The NVP’s development of VCC represents a classic case of an NGO linking a community need with underutilized community resources. [31] The NVP’s home health care committee noted the presence of seniors with no assistance and linked this with the NVP’s mission of creating jobs. A complex process of market research, organizational development, workforce recruitment, and capital raising created an organization capable of using those resources to meet those needs. While the initiative for VCC came from the NVP, technical assistance was provided by ICA, funding came from private foundations, and much of the market was provided by government agencies.

Such efforts at “social entrepreneurship” in effect create new circuits of goods, services, and capital. [32] The agencies that perform this function may have various relations to the state.
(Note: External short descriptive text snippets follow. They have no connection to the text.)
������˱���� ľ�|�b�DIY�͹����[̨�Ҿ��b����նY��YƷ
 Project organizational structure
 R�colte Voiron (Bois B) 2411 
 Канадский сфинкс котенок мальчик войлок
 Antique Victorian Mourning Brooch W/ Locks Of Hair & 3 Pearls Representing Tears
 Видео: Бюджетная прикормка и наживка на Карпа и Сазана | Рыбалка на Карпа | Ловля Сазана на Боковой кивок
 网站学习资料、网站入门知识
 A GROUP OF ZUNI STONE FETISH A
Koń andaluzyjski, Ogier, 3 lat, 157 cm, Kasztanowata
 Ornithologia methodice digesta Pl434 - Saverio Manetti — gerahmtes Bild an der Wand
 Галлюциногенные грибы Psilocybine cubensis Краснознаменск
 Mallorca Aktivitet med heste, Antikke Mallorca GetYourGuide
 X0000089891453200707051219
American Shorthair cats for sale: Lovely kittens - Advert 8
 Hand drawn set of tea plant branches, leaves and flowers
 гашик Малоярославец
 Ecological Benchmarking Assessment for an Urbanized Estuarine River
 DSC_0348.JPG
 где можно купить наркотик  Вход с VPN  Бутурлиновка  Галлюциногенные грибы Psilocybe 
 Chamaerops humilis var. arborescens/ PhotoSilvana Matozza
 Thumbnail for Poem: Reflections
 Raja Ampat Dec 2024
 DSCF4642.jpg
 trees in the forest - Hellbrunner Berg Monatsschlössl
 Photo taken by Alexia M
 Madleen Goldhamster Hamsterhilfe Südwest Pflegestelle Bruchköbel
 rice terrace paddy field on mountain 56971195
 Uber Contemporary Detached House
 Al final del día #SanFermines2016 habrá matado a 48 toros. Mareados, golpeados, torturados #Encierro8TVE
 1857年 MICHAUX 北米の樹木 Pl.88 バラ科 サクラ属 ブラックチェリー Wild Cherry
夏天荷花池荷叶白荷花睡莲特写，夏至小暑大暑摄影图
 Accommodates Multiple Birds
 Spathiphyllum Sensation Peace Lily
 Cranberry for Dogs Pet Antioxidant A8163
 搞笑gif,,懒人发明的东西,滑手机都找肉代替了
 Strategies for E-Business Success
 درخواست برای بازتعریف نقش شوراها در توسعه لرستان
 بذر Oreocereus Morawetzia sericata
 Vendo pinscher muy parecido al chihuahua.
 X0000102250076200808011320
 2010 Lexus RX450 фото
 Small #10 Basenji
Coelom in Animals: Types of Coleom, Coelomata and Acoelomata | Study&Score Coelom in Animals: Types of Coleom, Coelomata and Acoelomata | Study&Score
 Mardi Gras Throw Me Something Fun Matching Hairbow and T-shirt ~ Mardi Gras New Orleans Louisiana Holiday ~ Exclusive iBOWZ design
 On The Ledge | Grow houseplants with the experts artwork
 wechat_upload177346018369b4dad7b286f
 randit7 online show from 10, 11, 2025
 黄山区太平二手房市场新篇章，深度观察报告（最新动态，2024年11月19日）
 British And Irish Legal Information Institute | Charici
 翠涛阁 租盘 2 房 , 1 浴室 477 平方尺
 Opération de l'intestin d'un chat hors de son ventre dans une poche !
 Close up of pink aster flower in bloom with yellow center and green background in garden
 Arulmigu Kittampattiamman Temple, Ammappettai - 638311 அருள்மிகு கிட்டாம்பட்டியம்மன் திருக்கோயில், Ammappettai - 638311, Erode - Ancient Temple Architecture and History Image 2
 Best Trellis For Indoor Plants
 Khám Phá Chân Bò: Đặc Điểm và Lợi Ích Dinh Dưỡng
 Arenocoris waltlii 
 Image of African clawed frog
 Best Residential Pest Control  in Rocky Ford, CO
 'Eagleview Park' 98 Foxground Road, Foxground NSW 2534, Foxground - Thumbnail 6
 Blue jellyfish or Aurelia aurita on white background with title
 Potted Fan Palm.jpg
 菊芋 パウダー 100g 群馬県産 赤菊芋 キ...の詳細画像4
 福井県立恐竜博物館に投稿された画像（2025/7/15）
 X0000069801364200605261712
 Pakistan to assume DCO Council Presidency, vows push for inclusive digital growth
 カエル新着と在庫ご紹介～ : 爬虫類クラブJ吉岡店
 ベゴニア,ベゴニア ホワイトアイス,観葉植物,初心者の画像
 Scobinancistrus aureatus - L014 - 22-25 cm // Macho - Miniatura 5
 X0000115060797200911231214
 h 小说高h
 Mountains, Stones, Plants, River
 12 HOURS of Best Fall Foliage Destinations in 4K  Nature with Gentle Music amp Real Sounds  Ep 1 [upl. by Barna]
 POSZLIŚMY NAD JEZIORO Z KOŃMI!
In the cases of the Greater London Enterprise Board and the Steel Valley Authority, for example, some of the functions performed in this case by the NVP have been performed instead by governmental or quasi-governmental institutions. In the case of the Mondragon Cooperative Movement, conversely, some of the functions performed by city and state governments in Connecticut, such as funding feasibility studies and business plans, were taken over by an NGO.

Whatever their form, such agencies generally perform the same basic functions. They conduct research. They provide or recruit capital. They give technical support, education, and training. And they provide continuing support to help protect against the varied ills that developing enterprises are heir to.

Alternatively-Owned Enterprises

Countering market failures requires the development of enterprises which are not exclusively owned by a tiny number of wealthy stockholders nor exclusively driven by the dictates of profit maximization. This in turn requires modifications of the standard model for enterprise ownership. [33]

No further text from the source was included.